Configure → Job Summarization
This guide explains how to configure the Job Summarization software.
Prerequisites
The Job Performance (SUPReMM) XDMoD module must be installed and configured before configuring the Job Summarization software.
Setup Script
The Job Summarization software includes a setup script to help you configure your installation. The script will prompt for information needed to configure the software and update the configuration files and databases. If you have modified your configuration files manually, be sure to make backups before running this command:
# supremm-setup
The setup script needs to be run as a user that has write access to the configuration files. You may either specify a writable path name when prompted (and then manually copy the generated configuration files) or run the script as the root user.
The setup script has an interactive ncurses-based menu-driven interface. A description of the main menu options is below:
Create configuration file
This section prompts for the configuration settings for the XDMoD datawarehouse and the MongoDB database. The script will automatically detect the resources from the XDMoD datawarehouse and prompt for the settings for each of them.
Create database tables
This section will create the database tables that are needed for the job summarization software.

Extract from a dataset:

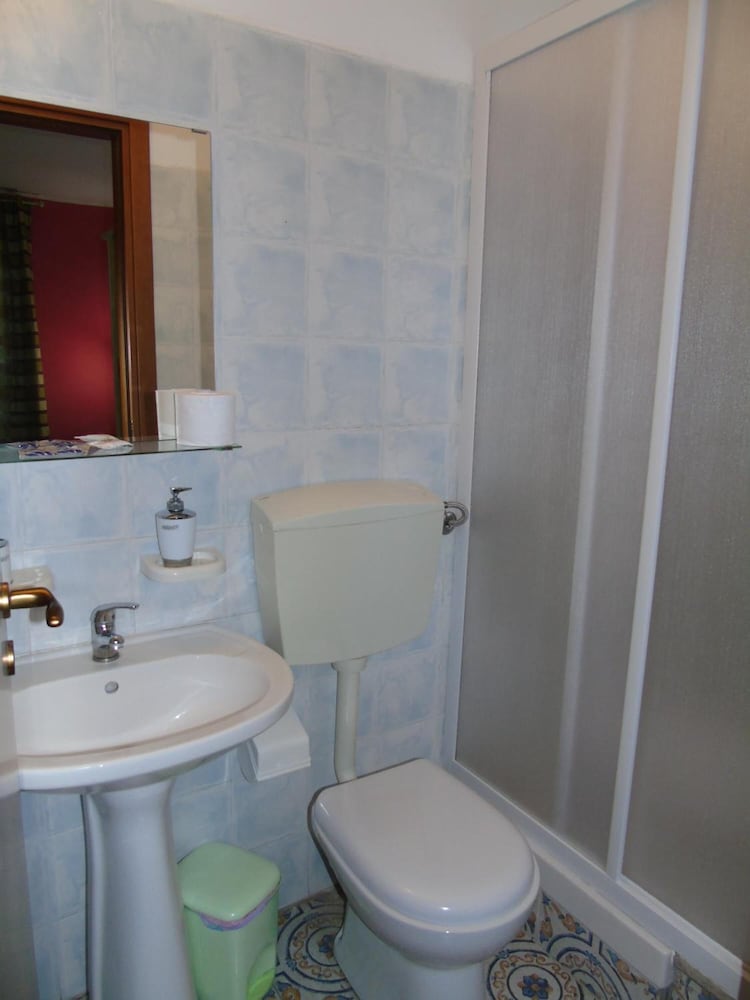 Photo 40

The default connection settings are read from the configuration file (but can be overridden). It is necessary to supply username and password of a database user account that has CREATE privileges on the XDMoD modw_supremm database.
Initialize MongoDB Database
This section will add required data to the MongoDB database.
The default connection settings are read from the configuration file (but can be overridden).
Configuration Guide
The SUPReMM job summarization software is configured using a json-style format
file that uses json syntax but permits line-based comments (lines starting with
//
are ignored by the parser).
This file is stored in /etc/supremm/config.json
for RPM based installs or
under [PREFIX]/etc/supremm/config.json
for source code installs, where
[PREFIX]
is the path that was passed to the install script.
The paths shown in this configuration guide show the default values for RPM-based installs. For source code installs you will need to adjust the paths in the examples to match the installed location of the package.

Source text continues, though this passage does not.